Speaking of loaded weapons...both candidates have been strangely quiet on the gun issue. The Bush elections were huge on that issue and that made a big difference in the congressional elections. Things that make you say hmmmm.


----------



## Eros Kopliku (Jan 30, 2008)

Howard Knauf said:


> Speaking of loaded weapons...both candidates have been strangely quiet on the gun issue. The Bush elections were huge on that issue and that made a big difference in the congressional elections. Things that make you say hmmmm.


Actually, McCain gave a very extensive interview to American Rifleman and Obama has a rather long radio ad, here in Indiana, on the second amendment--it makes me giggle every time.

As far as pensions and IRA, don't count on them; soon they will be confiscated like in Argentina. Socialists know better where your money ought to go. What about those who do not have pensions and IRA? We'll take yours and spread it fairly.

And, yes, I agree, only the police and military should be able to have attack dogs (attack dog is any dog that bites.)


----------



## Howard Knauf (May 10, 2008)

Eros Kopliku said:


> .
> 
> And, yes, I agree, only the police and military should be able to have attack dogs (attack dog is any dog that bites.)


 Replace the words "attack dogs" with "guns" and you have the liberal agenda. It's only a small step in either direction.

Howard


----------



## David Scholes (Jul 12, 2008)

todd pavlus said:


> Your not serious are you David??????=;


I'm exaggerating but historically when that line of thinking gets going, it can and has gotten worse than that. The far left leaning politicians do get that crazy. I have friends from Mexico, Peru & Rhodesia (Zimbabwe) that have real stories to tell worse than what I describe. I'm talking lives threatened, land confiscated, business taken over... all in the name of helping the less fortunate through spreading the wealth by government intervention.


----------



## Mike Scheiber (Feb 17, 2008)

David Scholes said:


> That's great... just be careful... it may not be viewed as fair that you have that gas guzzling Corvette. Could really mess up your carbon footprint. What do you need a wicked dog for? Working dogs trained to bite shouldn't be in the hands of civilians... I mean that's like a loaded weapon.


This may surprise you http://www.edmunds.com/chevrolet/corvette/2008/review.html
We have a conceal and carry here in Minnesota last I checked we are even labeled blue thank God no worry here of losing our rite to bare again thank God. I would more than likely even have a permit if I still owned a pistol.

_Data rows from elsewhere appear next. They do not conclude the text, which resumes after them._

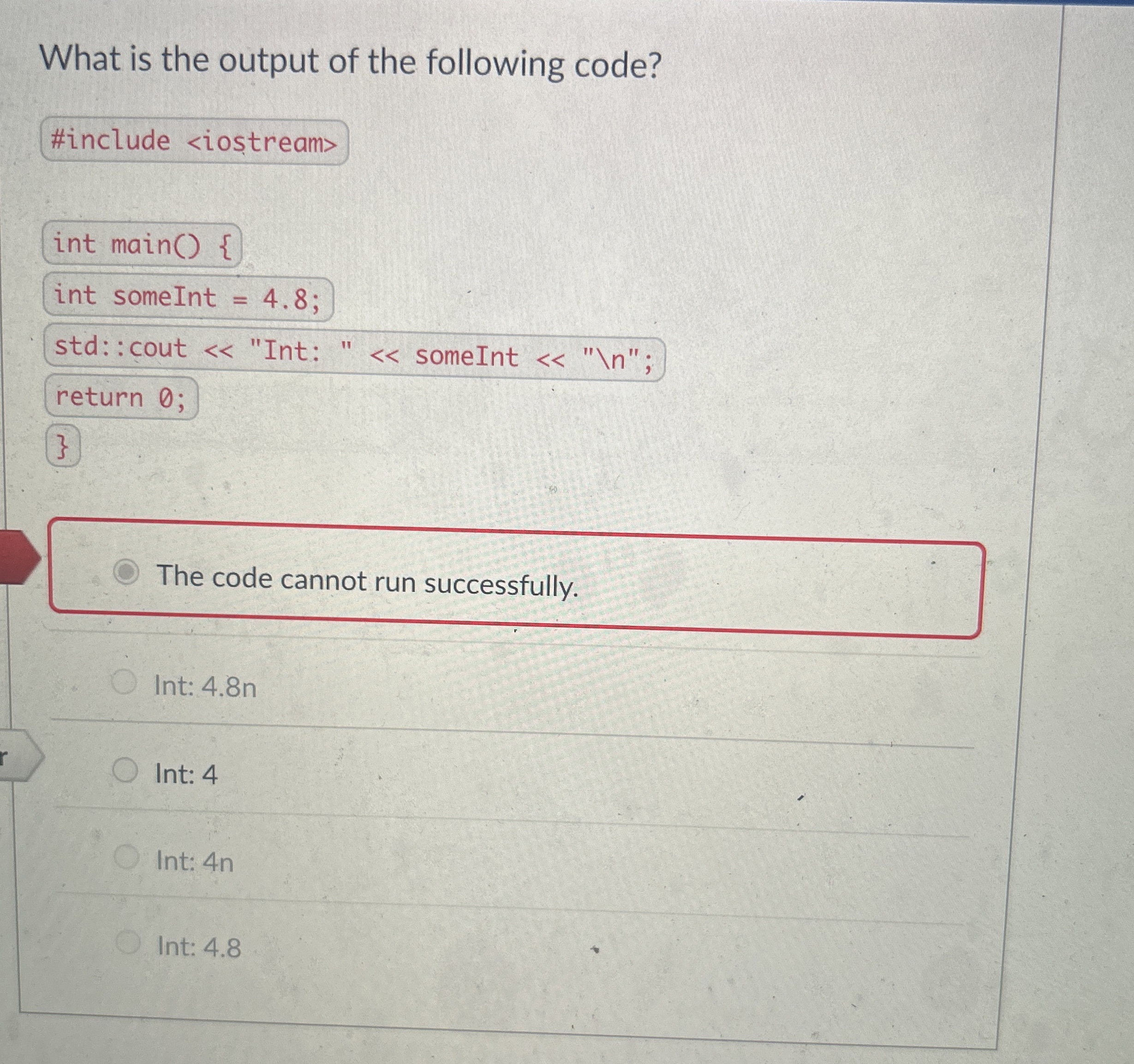 What is the output of the following code? int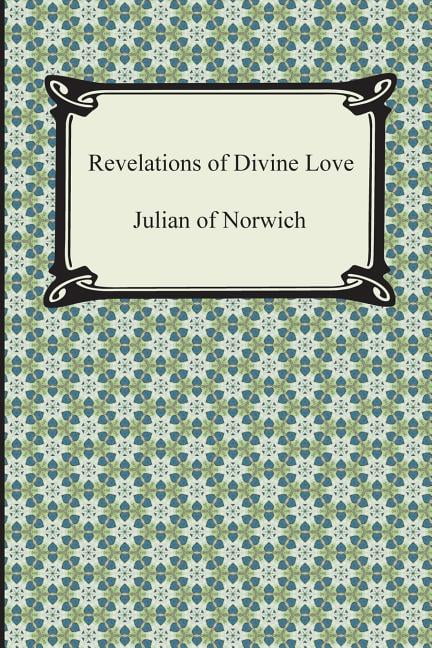 revelations of divine love pdf revelations of divine love pdf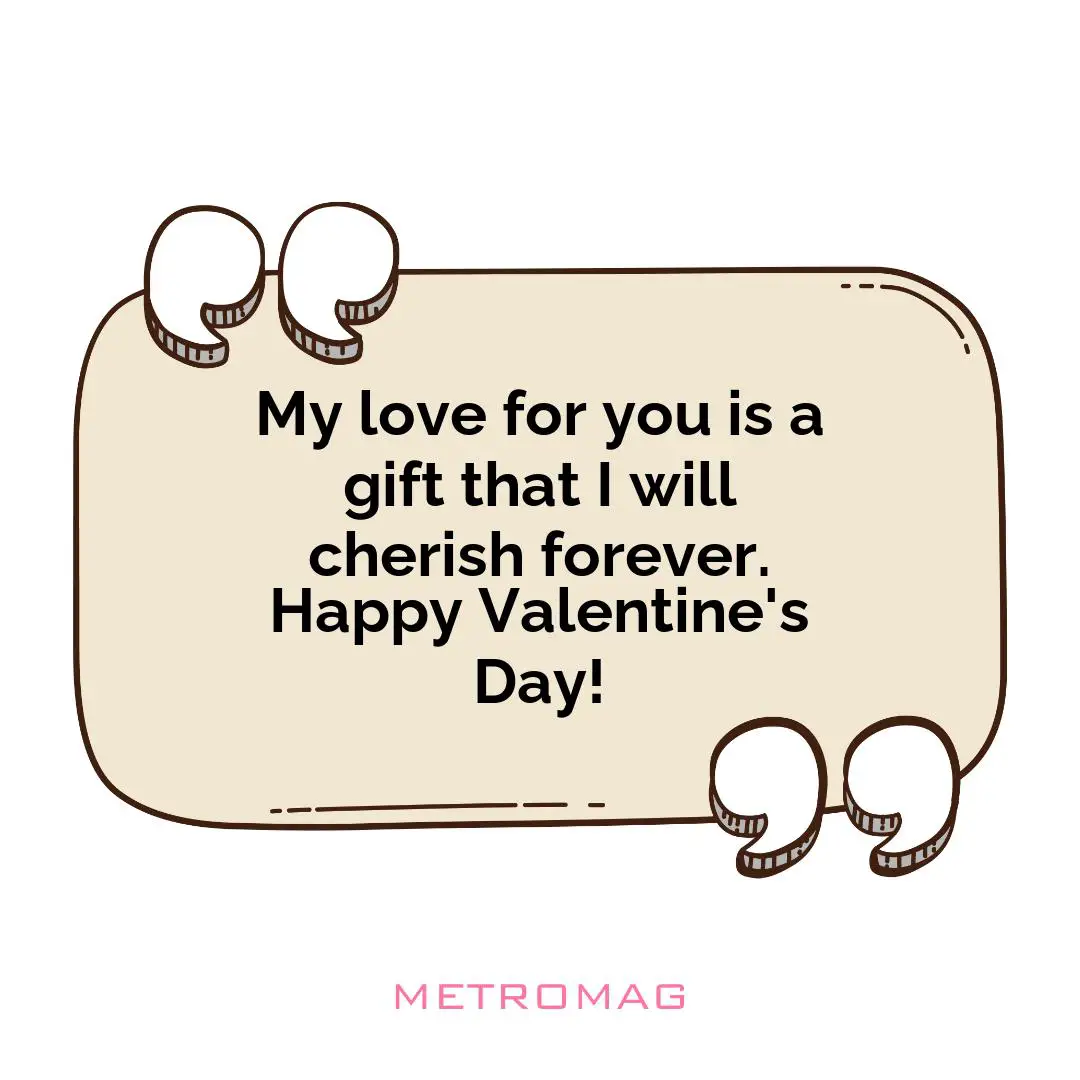My love for you is a gift that I will cherish forever. Happy Valentine's Day!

I have considered bowering one from my kid just to use to take the course.
If you watch my sig video you will see my dog is loaded how ever I do have control :mrgreen:


----------



## David Scholes (Jul 12, 2008)

Mike Scheiber said:


> This may surprise you http://www.edmunds.com/chevrolet/corvette/2008/review.html
> We have a conceal and carry here in Minnesota last I checked we are even labeled blue thank God no worry here of losing our rite to bare again thank God. I would more than likely even have a permit if I still owned a pistol. I have considered bowering one from my kid just to use to take the course.
> If you watch my sig video you will see my dog is loaded how ever I do have control :mrgreen:


Car's not as much as I expected. Watched the sig, your dog is nicely loaded.
I took the concealed carry class in Utah 3 years ago, it's good till 2011. Haven't carried much but probably should. Today, I need to confront (not with the gun) a roof contractor that took a $5600 deposit then disappeared. Also, occasionally have to do an eviction. Get's a little messy when it's a repo'd drug house, but that's rare.


----------



## Alyssa Myracle (Aug 4, 2008)

For a "left coast" liberal state, Washington has some pretty darn gun-friendly laws.
We have concealed carry, the requirements to obtain are simply to *not* be a convicted felon, or convicted of domestic violence.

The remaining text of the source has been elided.